That this settlement was not at all exceptional could be proved by many documents; one must suffice. When Bodmin church was rebuilt between the years 1469 and 1472 the patrons, the Monastery of St. Petrock, defrayed the entire expenses connected with the chancel. On the other hand, to illustrate the usual practice, the case of the vicarage of Launcells in Devonshire may be cited. The Abbot and Monastery of Hartland held the appropriated tithes, and in 1382, the chancel standing in need of great repairs, apparently amounting almost to rebuilding, the vicar refused to carry out the injunctions of the archdeacon forthwith to undertake the work, on the plea that this was the duty of the Abbey of Hartland. The convent denied their obligation, but submitted themselves in the matter to the judgment of the bishop of the diocese. After holding an inquiry, Bishop Thomas Brantyngham declared that the vicar received tithes for the purpose of carrying out all repairs to the chancel, and that consequently the monks were free from the obligation.

What the material church was to the parishioners of a mediæval parish is well described in the synodical Constitutions of Bishop Woodlock, of Winchester, at the beginning of the fourteenth century.

“If the Israelites,” he says, “living in the shadow of the law, required specially dedicated places in which to worship the Lord, with how much more reason are Christians, to whom the loving-kindness and the humanity of the Saviour has appeared, bound by all the means at their disposal to obtain consecrated churches, in which day by day the Son of God is offered in Sacrifice.”

Then after saying that churches that have not been consecrated are to be solemnly dedicated as soon as possible, he continues—

“The anniversaries of the dedications of parish churches are to be kept by the parishioners, and those attending chapels in the neighbourhood not themselves dedicated.
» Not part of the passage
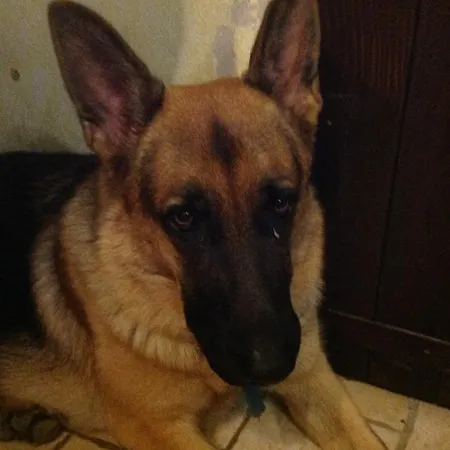 Ciliegio Felice B&B 3*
The day and the year of the consecration, with the name of the consecrating prelates, are to be entered in the calendar and other books belonging to the church.”

The dedication of the church to God was the essential condition of its endowment. According to Bracton, the dower made to the church with church lands at its dedication, was a possession of “pure and free alms,” in distinction “from a lay feud,” seeing that it “is with more propriety called free, since it is dedicated as it were to God.”

“If,” says the Constitution of Cardinal Otho for the English Church—“if under the Old Testament the Temple was dedicated to God for the offering of dead animals, with how much more reason should the churches of the New Law be specially consecrated to Him when on the altars is daily offered for us by the hands of the priest the living and true Victim, that is, Christ, the only-begotten Son of God.”

The reverence due to churches, and things once dedicated to the service of churches, was universal in the Middle Ages. Cloths, used as chrism cloths at Baptism or Confirmation, were to be devoted to ecclesiastical purposes or destroyed, and those who turned anything thus once offered to God to any secular use were considered gravely blameworthy. The gloss upon a Constitution of St. Edmund of Canterbury to this effect extends this prohibition of desecration to everything connected at any time with a church. Even the woodwork of a building, once dedicated, was to be destroyed, unless it was capable of being used for another ecclesiastical purpose. So too the “cloths used on the altar, the seats, candlesticks, veils, and sacred vestments too old to use,” were to be burnt and the ashes buried.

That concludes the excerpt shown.